Alexandra Stréliski est convaincue que la vague néoclassique est là pour de bon au Québec.    

«Nous avons un beau public pour ça. Nous sommes un peuple de cœur, plus ouvert que bien des gens. Je sens que nous sommes un terrain fertile.»    

Les goûts vont même évoluer, prédit Jean-Michel Blais. «Présentement, nous sommes bandés sur le piano. Mais ça ne m’étonnerait pas de voir apparaître de la musique de chambre. On se nourrit tellement plus de séries et de films aujourd’hui qu’on est habitués de consommer l’univers qui nous entoure avec une trame sonore. Le nombre de gens qui me disent qu’ils ont écrit un livre, un doctorat ou passé une peine d’amour sur ma musique... On a besoin de cette musique sans mots.»    

Le néoclassique québécois en 5 noms    

Chilly Gonzalez | 46 ans  

Pour Jean-Michel Blais, les mélodies douces et accrocheuses sont un pied de nez à notre rythme de vie.
Photo courtoisie

Vient de lancer le troisième volet de sa trilogie Solo Piano.    

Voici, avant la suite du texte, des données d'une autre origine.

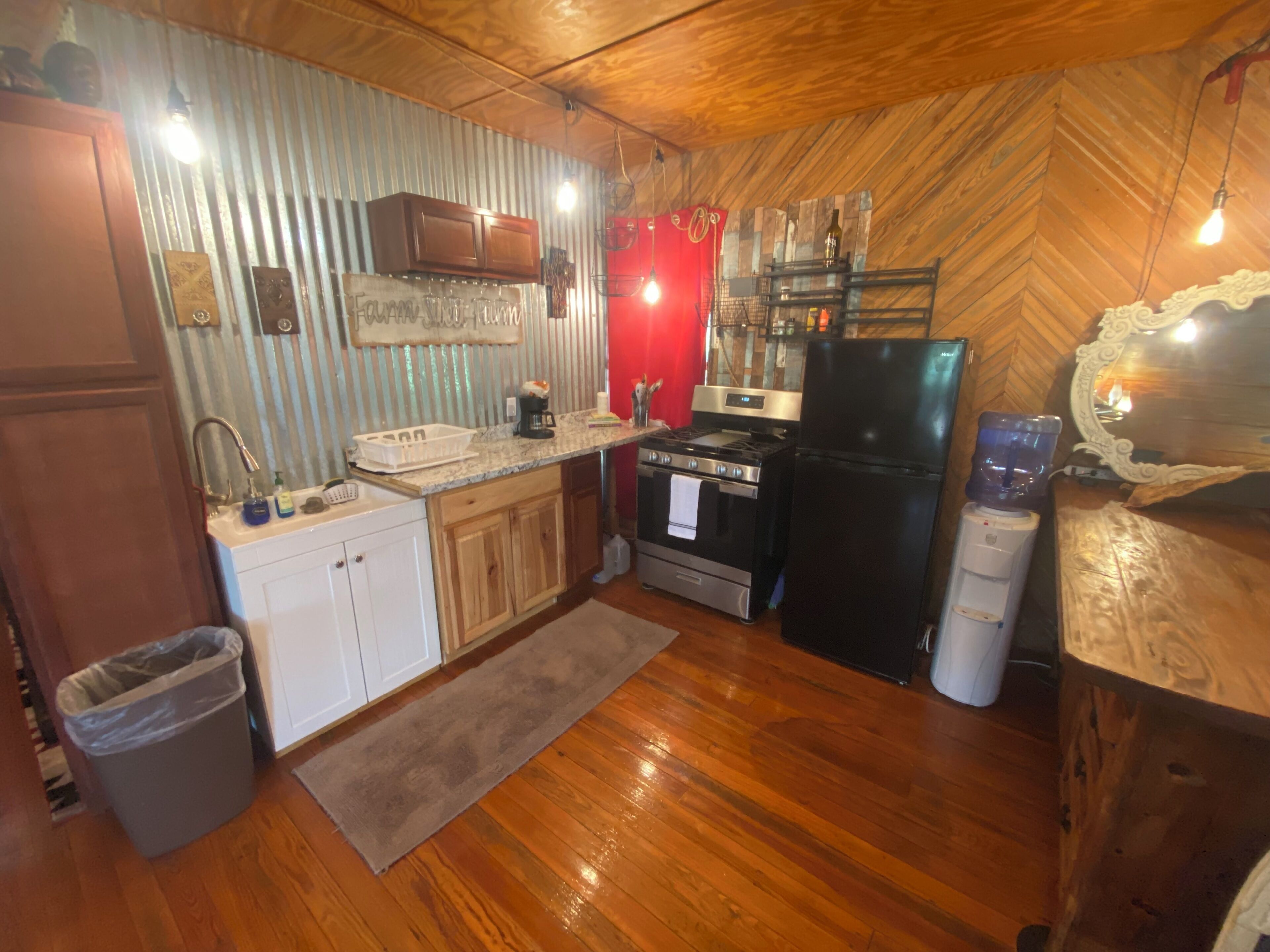 Microondas, horno y placa de cocina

A aussi fait paraître, en avril dernier, un album comportant des reprises de Daft Punk, Weezer et Lana Del Rey.    

Alexandra Stréliski | 33 ans  

Vient de lancer son deuxième album, INSCAPE.    

Sa musique a joué dans des films et séries télé de Jean-Marc Vallée.    

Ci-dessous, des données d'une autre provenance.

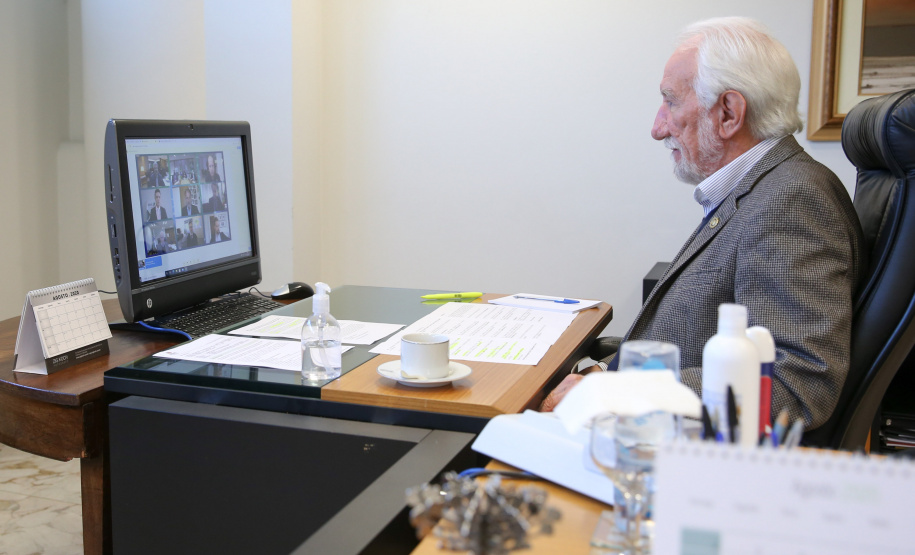 O vice governador Darci Piana participa nesta quarta-feira (27) da video-conferencia de assinatura da parceria entre o BRDE e o  Banco de Desenvolvimento da América Latina (CAF).   Curitiba, 27/08/2020 -  Foto: Geraldo Bubniak/AEN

Jean-Michel Blais | 34 ans  

Vient de lancer le EP Eviction Sessions.    

Son album Il a été sélectionné parmi les dix meilleures parutions de 2016 par le magazine Time.    

Martin Lizotte | 43 ans  

Pour Jean-Michel Blais, les mélodies douces et accrocheuses sont un pied de nez à notre rythme de vie.
Photo courtoisie, Le Petit Russe

A remporté le Félix de l’album instrumental de l’année pour Ubiquité en 2018.    

Flying Horses (Jade Bergeron)  

Pour Jean-Michel Blais, les mélodies douces et accrocheuses sont un pied de nez à notre rythme de vie.
Photo courtoisie, Jonathan Lorange

Lancera son deuxième album, Reverie, le 22 février.